15. In the present case, as on the date when the respondent had applied, a criminal case was pending against him. Compromise was entered into only after an affidavit disclosing such pendency was filed. On the issue of compounding of offences and the effect of acquittal under Section 320(8) of Cr.P.C., the law declared by this Court in Mehar Singh (supra), specially in paragraphs 34 and 35 completely concludes the issue. Even after the disclosure is made by a candidate, the employer would be well within his rights to consider the antecedents and the suitability of the candidate. While so considering, the employer can certainly take into account the job profile for which the selection is undertaken, the severity of the charges levelled against the candidate and whether the acquittal in question was an honourable acquittal or was merely on the ground of benefit of doubt or as a result of composition.

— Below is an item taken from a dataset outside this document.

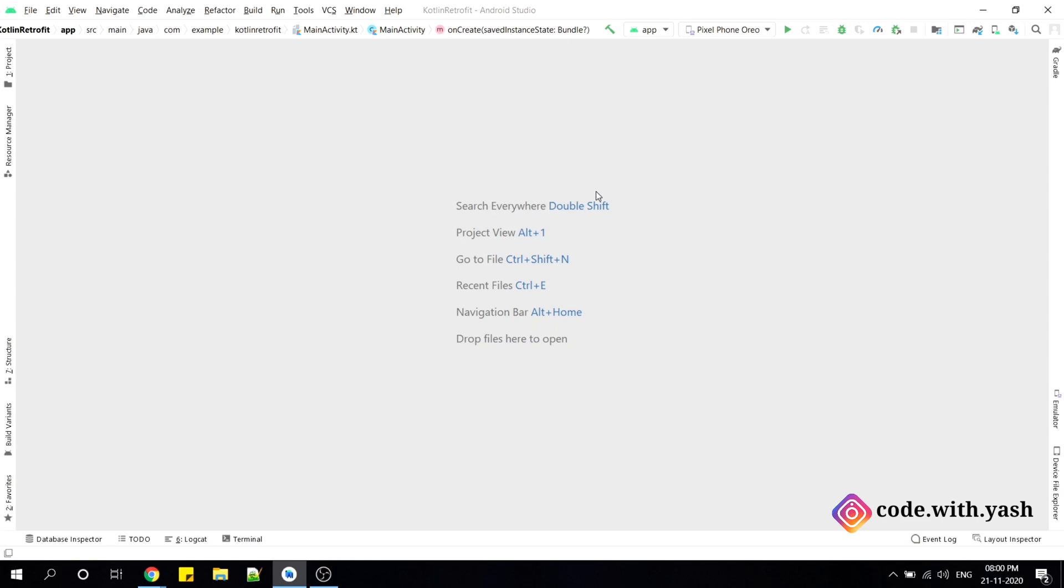Hello everyone, welcome to Code with Yash. In this video, I am going to show you a new update launched by Android Studio.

16. The reliance placed by Mr. Dave, learned Amicus Curiae on the decision of this Court in Mohammed Imran (supra) is not quite correct and said decision cannot be of any assistance to

the respondent. In para 5 of said decision, this Court had found that the only allegation against the appellant therein was that he was travelling in an auto-rickshaw which was following the auto- rickshaw in which the prime accused, who was charged under Section 376 IPC, was travelling with the prosecutrix in question and that all the accused were acquitted as the prosecutrix did not support the allegation. The decision in Mohammed Imran (supra) thus turned on individual facts and cannot in any way be said to have departed from the line of decisions rendered by this Court in Mehar Singh (supra), Parvez Khan (supra) and Pradeep Kumar (supra).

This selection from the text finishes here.